Bella’s parents helped her spread the word to family and friends. They hosted a “glamp-out,” otherwise known as glamorous campout, at her home.

The amount of food she received surpassed her expectations. “It almost filled up my dining room,” comments Bella.

Fast forward to 2017 and Bella has held multiple food drives, some involving her elementary school. Bella’s passion for helping others has also spread to her friends. She says she likes to teach others how the Food Bank helps people and how they can give back.

She’s also expanded her food drives beyond her birthday to include every giving holiday. The food drive she held last Christmas yielded 1,369 pounds of food, her biggest donation yet.

Giving food is important to Bella, in her words, “It gives people energy, it gives them hope, and it lets them know that not everything is bad in the world.”

Bella understands that hunger is an issue that affects people of all ages. This spring, Bella has a goal of 2,000 pounds set for her next food drive. Her motivation is to help kids her age that may be at-risk of hunger during spring break.
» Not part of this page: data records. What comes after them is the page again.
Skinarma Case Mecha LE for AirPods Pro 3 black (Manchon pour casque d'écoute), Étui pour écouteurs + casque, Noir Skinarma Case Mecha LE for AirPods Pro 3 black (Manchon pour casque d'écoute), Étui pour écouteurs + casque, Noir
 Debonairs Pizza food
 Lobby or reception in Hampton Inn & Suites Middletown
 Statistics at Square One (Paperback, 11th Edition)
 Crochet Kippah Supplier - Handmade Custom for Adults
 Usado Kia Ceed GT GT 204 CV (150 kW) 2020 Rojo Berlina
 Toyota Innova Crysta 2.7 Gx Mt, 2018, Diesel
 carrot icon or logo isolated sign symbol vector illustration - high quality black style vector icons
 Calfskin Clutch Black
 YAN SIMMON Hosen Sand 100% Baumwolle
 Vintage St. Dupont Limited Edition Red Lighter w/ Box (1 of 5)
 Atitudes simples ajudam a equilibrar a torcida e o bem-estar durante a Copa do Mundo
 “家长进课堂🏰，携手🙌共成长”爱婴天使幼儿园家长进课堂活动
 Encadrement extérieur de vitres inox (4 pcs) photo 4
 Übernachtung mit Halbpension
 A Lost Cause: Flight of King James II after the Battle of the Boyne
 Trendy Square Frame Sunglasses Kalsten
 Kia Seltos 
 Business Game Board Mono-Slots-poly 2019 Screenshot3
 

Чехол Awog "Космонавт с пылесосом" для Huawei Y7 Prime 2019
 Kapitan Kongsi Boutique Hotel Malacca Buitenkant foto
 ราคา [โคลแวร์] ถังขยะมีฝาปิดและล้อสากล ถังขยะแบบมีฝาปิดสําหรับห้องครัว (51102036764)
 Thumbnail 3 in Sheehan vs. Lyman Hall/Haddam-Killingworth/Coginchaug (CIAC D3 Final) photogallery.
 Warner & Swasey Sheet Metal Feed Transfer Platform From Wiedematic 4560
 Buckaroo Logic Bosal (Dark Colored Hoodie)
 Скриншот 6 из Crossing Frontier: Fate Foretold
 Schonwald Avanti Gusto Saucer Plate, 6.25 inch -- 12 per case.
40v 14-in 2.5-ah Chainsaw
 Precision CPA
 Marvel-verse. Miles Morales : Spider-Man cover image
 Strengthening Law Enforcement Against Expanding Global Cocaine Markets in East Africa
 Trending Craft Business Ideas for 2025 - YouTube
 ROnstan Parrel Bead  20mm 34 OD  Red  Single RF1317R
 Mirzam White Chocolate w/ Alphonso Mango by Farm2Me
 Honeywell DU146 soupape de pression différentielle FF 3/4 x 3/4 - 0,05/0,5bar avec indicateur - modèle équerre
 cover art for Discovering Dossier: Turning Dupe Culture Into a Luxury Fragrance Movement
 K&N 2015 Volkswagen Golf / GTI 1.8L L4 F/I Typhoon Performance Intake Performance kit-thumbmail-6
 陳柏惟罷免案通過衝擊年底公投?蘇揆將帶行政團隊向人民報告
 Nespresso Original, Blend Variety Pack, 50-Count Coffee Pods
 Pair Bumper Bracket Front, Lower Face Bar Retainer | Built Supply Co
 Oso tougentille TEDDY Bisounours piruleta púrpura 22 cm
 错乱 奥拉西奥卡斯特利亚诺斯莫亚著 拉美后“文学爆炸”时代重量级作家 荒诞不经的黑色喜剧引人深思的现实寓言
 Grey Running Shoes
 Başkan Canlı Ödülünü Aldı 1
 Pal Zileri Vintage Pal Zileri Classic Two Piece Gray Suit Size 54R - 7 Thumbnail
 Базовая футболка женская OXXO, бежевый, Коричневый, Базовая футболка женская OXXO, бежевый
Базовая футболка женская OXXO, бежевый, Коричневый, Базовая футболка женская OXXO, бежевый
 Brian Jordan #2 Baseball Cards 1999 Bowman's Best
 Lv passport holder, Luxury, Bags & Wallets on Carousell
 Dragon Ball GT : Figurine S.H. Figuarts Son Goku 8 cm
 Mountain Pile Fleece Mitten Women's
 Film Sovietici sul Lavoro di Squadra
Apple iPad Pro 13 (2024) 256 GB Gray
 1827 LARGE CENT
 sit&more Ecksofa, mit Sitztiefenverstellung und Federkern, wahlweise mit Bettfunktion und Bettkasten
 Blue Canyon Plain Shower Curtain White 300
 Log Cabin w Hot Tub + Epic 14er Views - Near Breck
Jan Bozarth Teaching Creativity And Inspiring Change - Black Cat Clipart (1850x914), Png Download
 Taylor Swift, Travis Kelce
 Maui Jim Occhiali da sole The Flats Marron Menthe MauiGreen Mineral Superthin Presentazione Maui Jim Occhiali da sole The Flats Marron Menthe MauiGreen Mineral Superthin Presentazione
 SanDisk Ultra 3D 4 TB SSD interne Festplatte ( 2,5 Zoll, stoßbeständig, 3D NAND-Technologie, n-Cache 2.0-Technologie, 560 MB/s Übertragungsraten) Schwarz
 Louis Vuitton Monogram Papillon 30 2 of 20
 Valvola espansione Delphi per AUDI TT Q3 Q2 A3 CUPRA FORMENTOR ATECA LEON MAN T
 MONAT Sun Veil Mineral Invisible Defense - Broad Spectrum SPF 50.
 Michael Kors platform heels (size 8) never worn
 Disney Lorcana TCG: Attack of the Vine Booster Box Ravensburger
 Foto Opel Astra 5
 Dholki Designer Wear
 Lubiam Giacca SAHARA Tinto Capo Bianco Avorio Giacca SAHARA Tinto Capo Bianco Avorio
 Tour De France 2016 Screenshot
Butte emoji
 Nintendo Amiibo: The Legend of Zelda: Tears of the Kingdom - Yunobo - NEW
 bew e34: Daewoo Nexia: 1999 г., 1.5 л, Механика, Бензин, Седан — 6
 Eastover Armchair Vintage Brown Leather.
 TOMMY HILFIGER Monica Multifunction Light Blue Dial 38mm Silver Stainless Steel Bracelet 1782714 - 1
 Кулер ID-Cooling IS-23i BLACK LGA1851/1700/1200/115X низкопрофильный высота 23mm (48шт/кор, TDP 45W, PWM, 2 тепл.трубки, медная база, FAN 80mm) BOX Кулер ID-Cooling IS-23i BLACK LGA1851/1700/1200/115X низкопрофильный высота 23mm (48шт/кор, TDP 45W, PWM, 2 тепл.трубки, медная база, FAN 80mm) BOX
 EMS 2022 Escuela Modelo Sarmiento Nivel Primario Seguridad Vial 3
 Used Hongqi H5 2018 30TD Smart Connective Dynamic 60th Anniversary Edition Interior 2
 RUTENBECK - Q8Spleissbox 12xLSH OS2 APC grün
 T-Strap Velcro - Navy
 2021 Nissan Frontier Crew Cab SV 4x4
She’s calling it the “Spring into Action,” food drive.

“I want to get a lot of donations because maybe there might be kids at my school and other schools that depend on the cafeteria for food, so when spring break comes they might not have any food at all,” she says.

When she’s not fighting hunger, you can find Bella reading, playing with her little brother and canine friends. She also volunteers at the Food Bank routinely with her father.

“It makes me feel really good inside when my parents tell me how proud they are of me and what I’m doing to help others.” Hunger fighters like Bella are a great example that you don’t have to be an adult to make a big difference.